■ What this task involves
Your task is to retype, exactly and only, the lines from the one containing "Hamile Bluz - Bej - 3" to the final line of the entries, leaving out all pictures.

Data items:
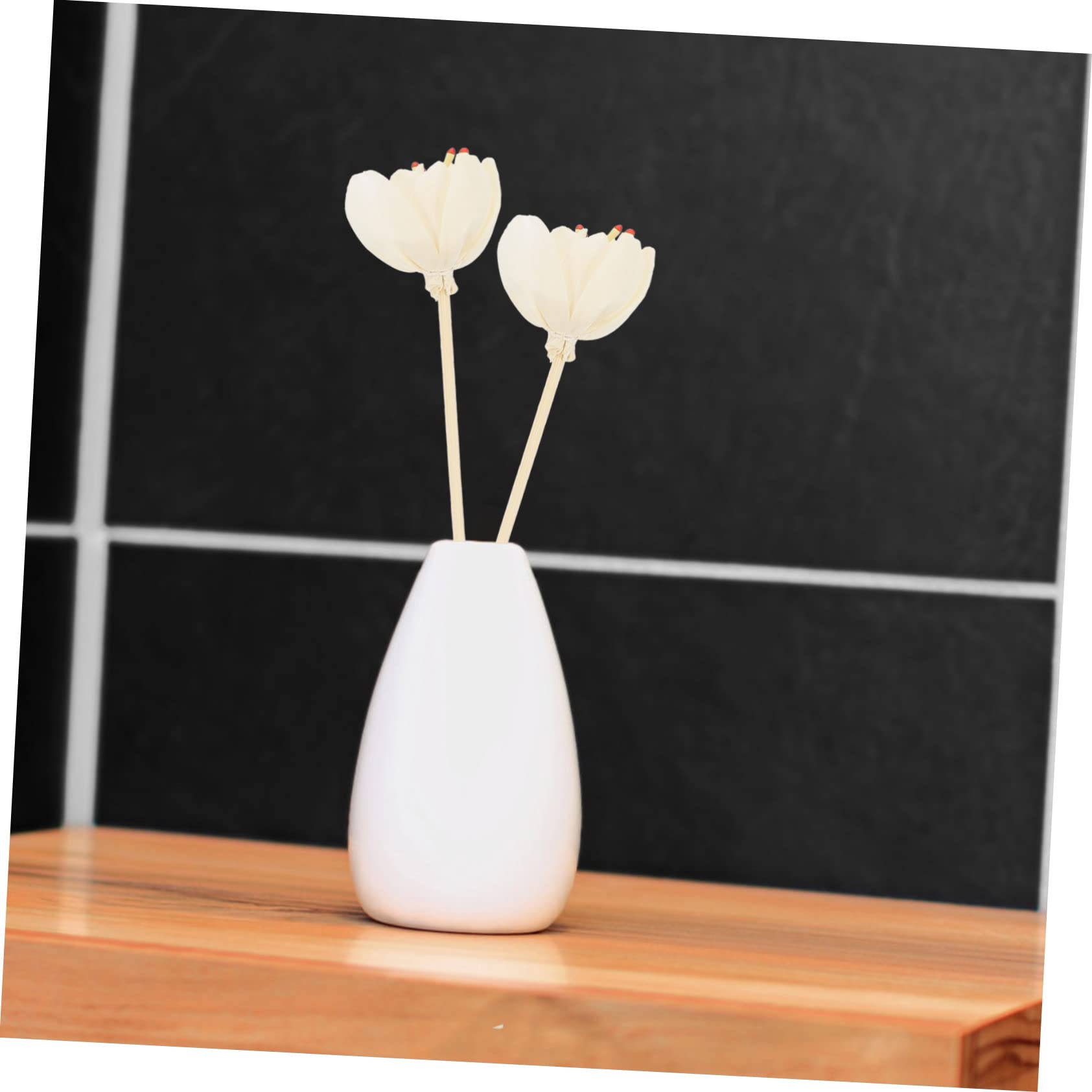 PRETYZOOM 30 Pz Rattan per aromaterapia canne essiccato vaso Olio essenziale profumatore ufficio profumatore bagno bastoncini diffusori di fiori bastoncini aromatici per matrimoni di legno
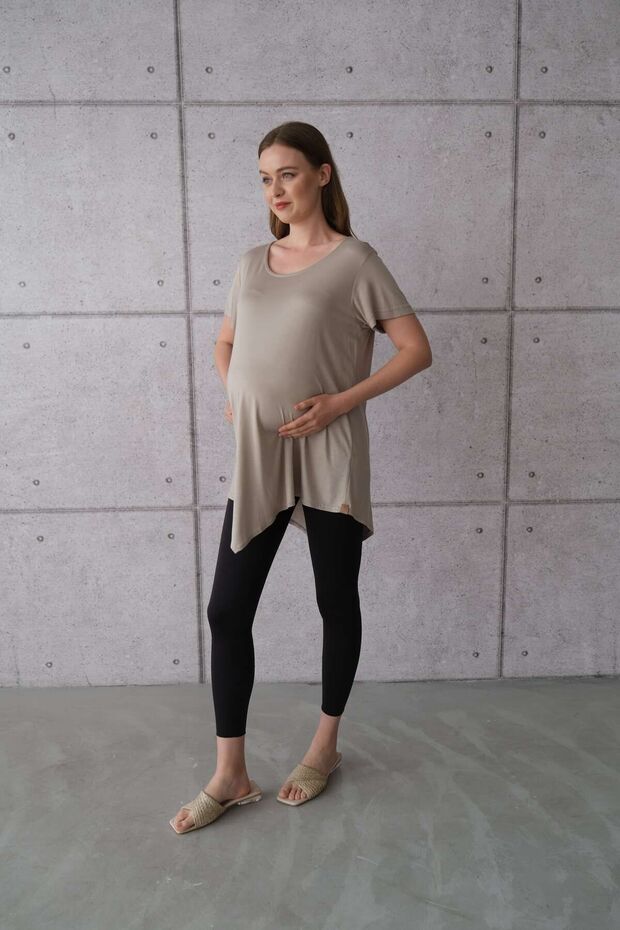 Hamile Bluz - Bej - 3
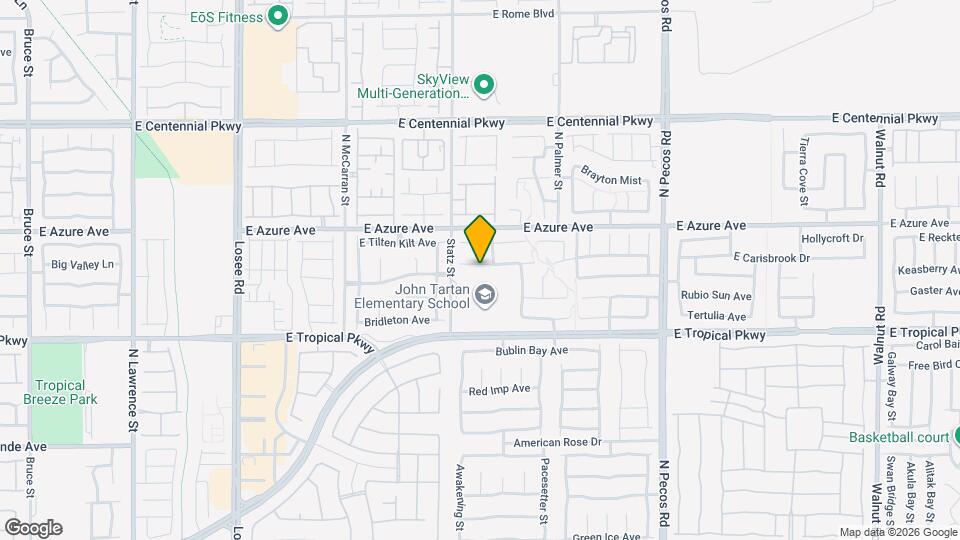 3029 Hartley Cove Ave Map and Location Details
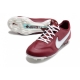 Nike Tiempo Legend 9 Elite Firm Ground Team Red White Mystic Hibiscus Football Boots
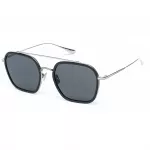 Belstaff Merrikiigris Vyri&scaron;ki Akiniai nuo Saulės &ndash; Pilkas Acetatinis Rėmas su Pilkais Polikarbonatiniais Lę&scaron;iais &ndash; 52/17/140 mm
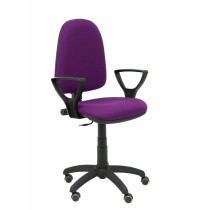 Silla Aýna bali morado brazos fijos ruedas de parqué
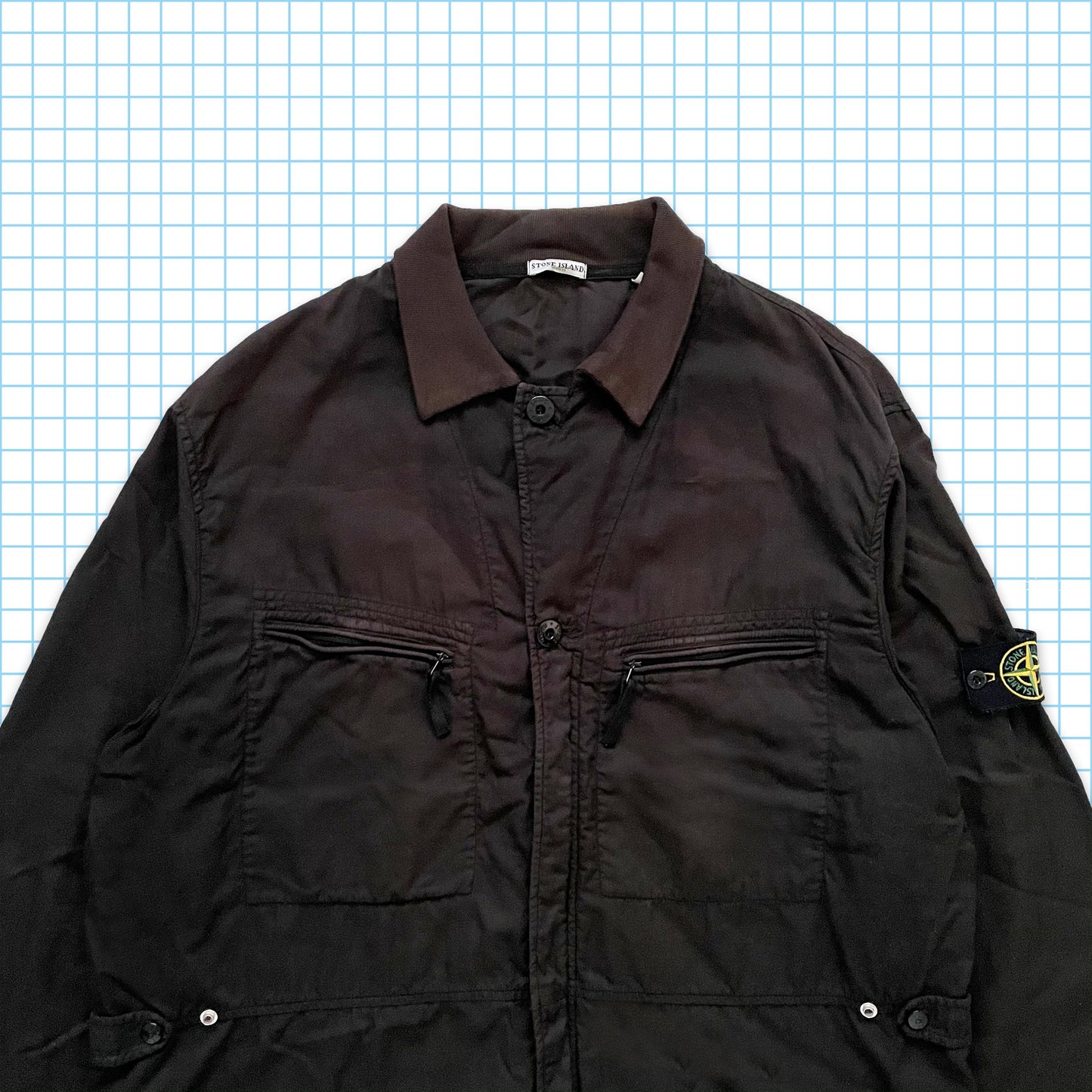 Stone Island ダブル ブレスト ポケット ハリントン ジャケット SS06' - エクストラ ラージ / エクストラ エクストラ ラージ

■ Reply
 Hamile Bluz - Bej - 3
 3029 Hartley Cove Ave Map and Location Details
 Nike Tiempo Legend 9 Elite Firm Ground Team Red White Mystic Hibiscus Football Boots
 Belstaff Merrikiigris Vyri&scaron;ki Akiniai nuo Saulės &ndash; Pilkas Acetatinis Rėmas su Pilkais Polikarbonatiniais Lę&scaron;iais &ndash; 52/17/140 mm
 Silla Aýna bali morado brazos fijos ruedas de parqué
 Stone Island ダブル ブレスト ポケット ハリントン ジャケット SS06' - エクストラ ラージ / エクストラ エクストラ ラージ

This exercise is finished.